_Exercise brief_
Give back the whole listing word for word and skip each picture.

_Information shown_
=== Section Start ===
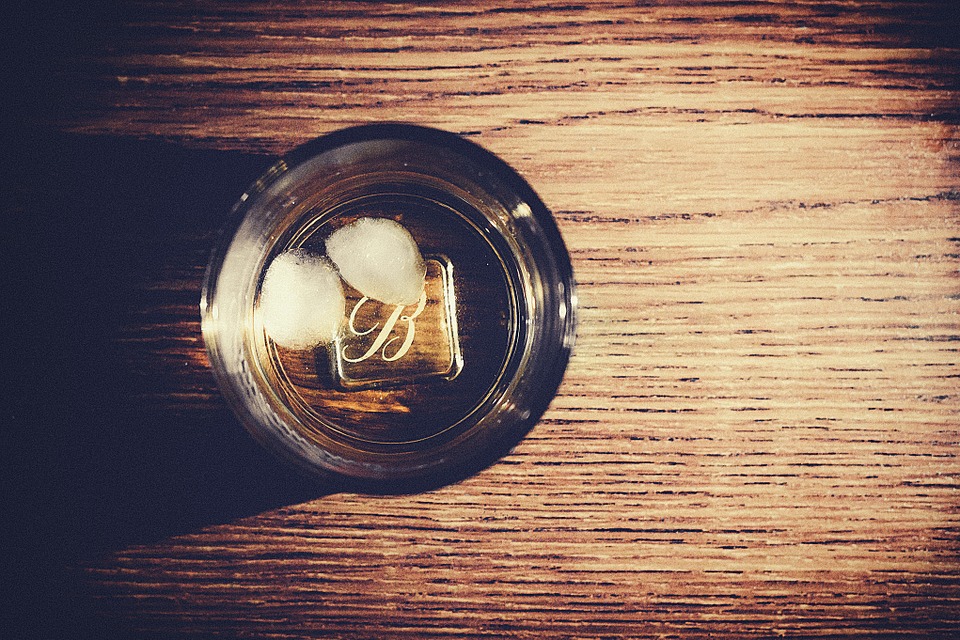 whisky-923262_960_720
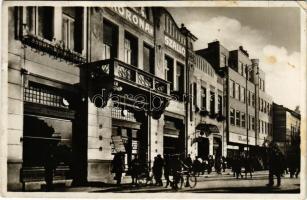 1939 Ungvár, Uzshorod, Uzhhorod, Uzhorod; Rasínova ulice / utca, Korona szálloda / street view, hotel (fl)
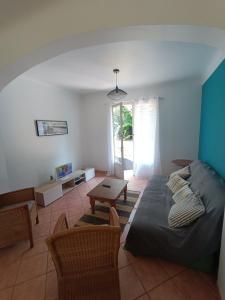 Maisons de vacances Maison dans le centre de messanges : photos des chambres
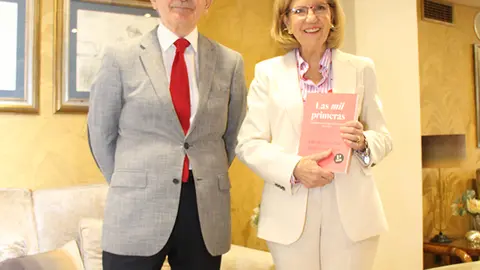 Los autores de 'Las mil primeras', Julio Montero-Diaz y María Luisa Galdón. ROBERTO LEDO.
=== Section End ===
_Finished task_
 whisky-923262_960_720
 1939 Ungvár, Uzshorod, Uzhhorod, Uzhorod; Rasínova ulice / utca, Korona szálloda / street view, hotel (fl)
 Maisons de vacances Maison dans le centre de messanges : photos des chambres
 Los autores de 'Las mil primeras', Julio Montero-Diaz y María Luisa Galdón. ROBERTO LEDO.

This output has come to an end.